In the early hours of August 11, the Senate passed a $3.5 trillion budget resolution on a party-line vote, just a day after passing the $1.2 trillion Bipartisan Infrastructure Framework (BIF). Passage of a budget resolution by the House and Senate is the predicate step for the Senate’s use of the budget reconciliation process to pass certain policies via a majority vote and avoid the obstacle of a Senate filibuster.
Specifically, the budget resolution is a framework that provides topline funding levels and instructions to the Senate committees of jurisdiction. The resolution directs these committees to report to the Budget Committee legislation that either funds existing programs or raises revenue in a manner consistent with the budget resolution instructions. Majority Leader Schumer (D-NY) has said he expects the Senate committees to report their reconciliation packages to the Budget Committee by September 15.
The House will now need to either adopt the Senate-passed budget resolution or amend the resolution and send it back to the Senate. Democrats’ interest in the resolution as a vehicle to advance a host of policy and spending priorities is high. Not wanting to delay, the House announced it will return early from its August recess to debate and vote on the resolution beginning August 23.

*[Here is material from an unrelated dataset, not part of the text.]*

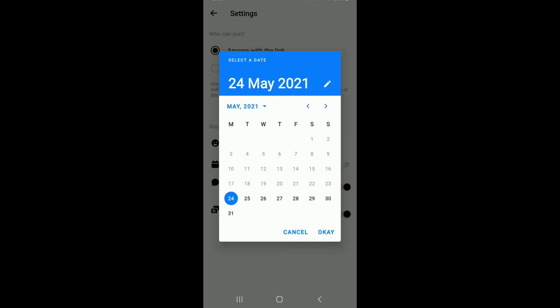Select a date from the date picker on the screen. Tap to choose the date that you want to schedule a meeting for. For example, I'm choosing this date over here. Now tap on OK.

House passage of a budget resolution remains likely; however, it is unclear exactly what compromises or alliances Speaker Pelosi (D-CA) will negotiate to cobble together the votes needed for passage in that chamber. On the one hand, progressive members of the House insist that the budget be consequential in scope and scale as they seek to lock in as much of the Biden agenda as possible. On the other hand, moderate members remain uncomfortable with both the size and many of the policies set forth in the Senate-passed budget resolution and would prefer the House simply move to consideration of the BIF. With a four-vote majority and help from Republican members unlikely, House Democratic leadership must find a way forward that satisfies both of these camps. The dog days of August, once a predictably quiet month on Capitol Hill, are proving to be anything but in 2021. The next several weeks will determine the path for rest of the year as Congress and the White House look to build accomplishments and the 2022 midterm elections begin to emerge on the horizon.